Everything works great, connection is established. I can access my on-premise infrastructure from Azure VMs, but not vice-versa.
Cant access Azure in any way (ping, RDP etc.). What could be the cause of that?
Disabled firewall in Azure VM, opened all ports in Azure VM networking properties (NSG). Disabled onpremise (Mirotik’s) firewall. Still is not working.
Am I missing some step. Is there other options that should be first set up in Azure or Mikrotik (open traffic for Azure VPN public IP address? Set static routes? new to this). Azure firewall, route tables are not created, everything is default. All ports are open in default NSG, that came with the VM.
First srcnat rule that allows azure-onprem private ip networking was already there, however I can ping onprem network from azure even without that rule. Pings were not going at all before I created forward Filter rule where accept sourceaddress-azure-subnet, dst-address=onprem-subnet in order to get the traffic go through. And another filter rule with opposite settings to theoretically allow traffic back to the Azure which does not work.
Added TCP MSS clamp.
Did not add the last rule due router already being available in the Azure.
When pinging NAT rule does not show any activity, packets go thorugh only the Filer Rules. Azure onprem network does not “see” azures private network at all.
Connection still does not work. Tried turning off all drop rules but again with no luck.

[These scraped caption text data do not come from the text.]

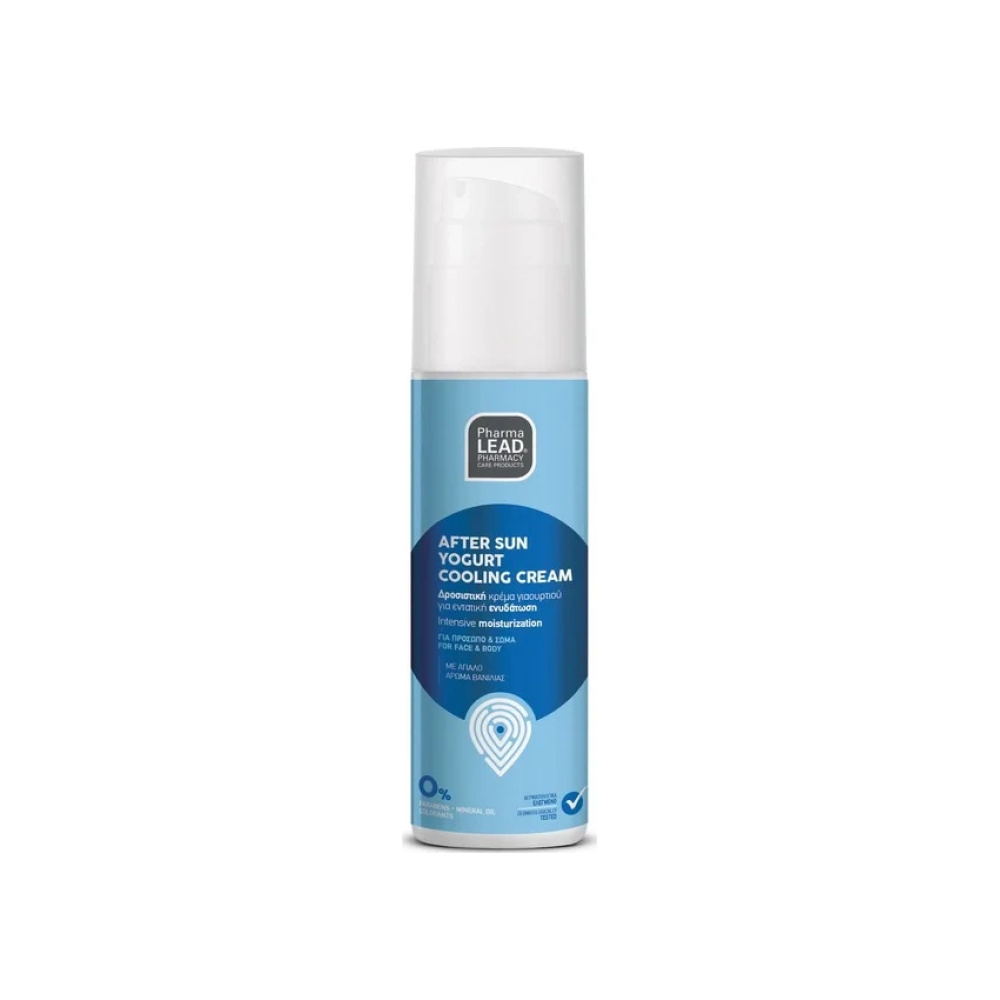 PHARMALEAD Yogurt Cooling Cream for Face & Body Δροσιστική Κρέμα για Εντατική Ενυδάτωση Προσώπου Σώματος, 150ml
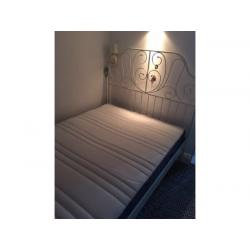 IKEA DOUBLE BED FRAME WHITE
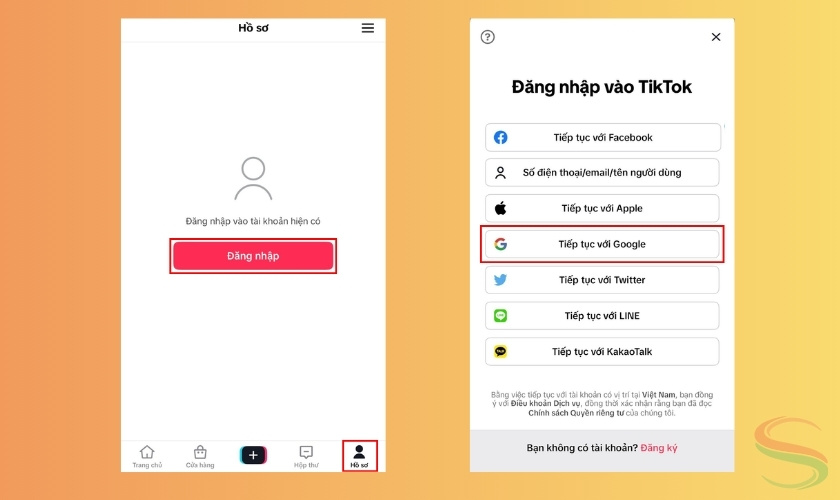 Hướng dẫn đăng nhập TikTok qua tài khoản Google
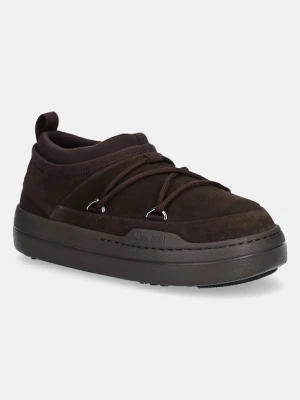 Moon Boot śniegowce MB PARK ICON SUEDE kolor brązowy 80D2470170 M010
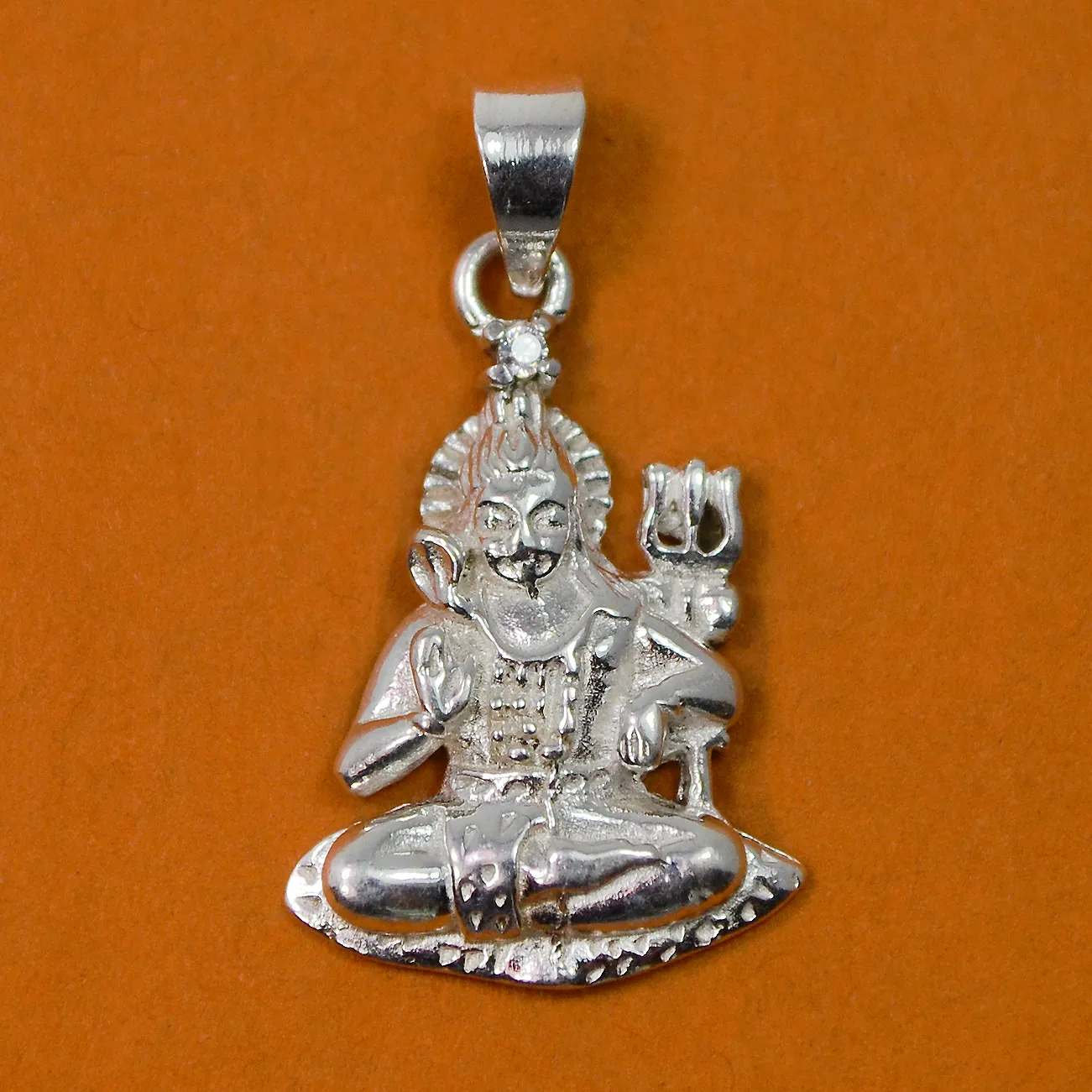 925 Silver Shiva Pendant (Design 26)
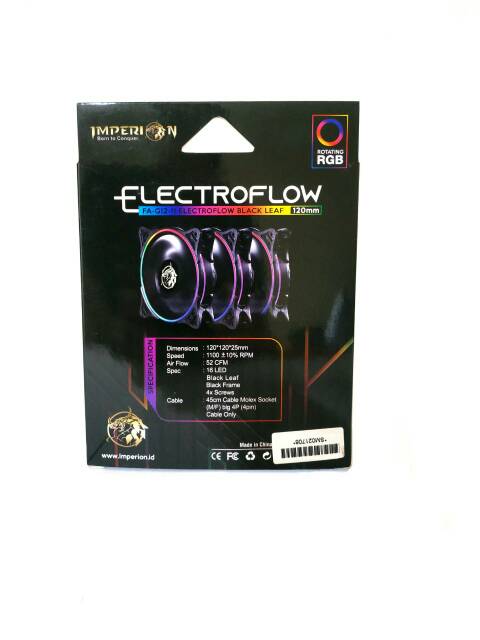 FAN CASE IMPERION ELECTROFLOW 12CM RGB LED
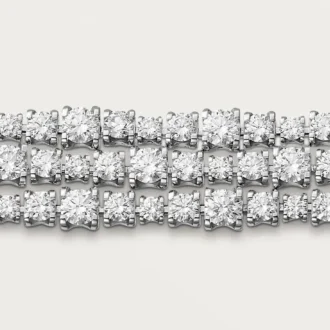 Pulseira Lignes Essentielles, diamantes em corte brilhante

I was digging and some people said that when creating those fw rules a flag before-fasttrack=0 (dont remember the exact value) has to be set, do you know anything about that?
First srcnat rule is not meant to allow Azure to On-Premise traffic, it is for On-Premise to Azure.
Basically with that srcnat, mangle rule and these default fw rules you should be able to access Azure from On-Premise and vice versa. I have many IPsec tunnels created from Mikrotik to Azure that way and everything works. Default firewall rules -
No, BGP should be configured only if you only really needs it. Also there’s no need for additional Routes from Azure side. With default NSG rules, Azure should allow IPsec traffic for both sides.
Today I found out that it was an ARP issue. Some time ago we set the ARP on all bridged ports to be proxy-arp, due to Apple devices dropping DHCP requests and not being able to connect. Turns out that setting fixes one thing and the breaks all the others (if you dont know how to use it properly).
Created a new interface for the local network that will be used for Azure and set the ARP to enabled. Traffic now fully goes to either of directions.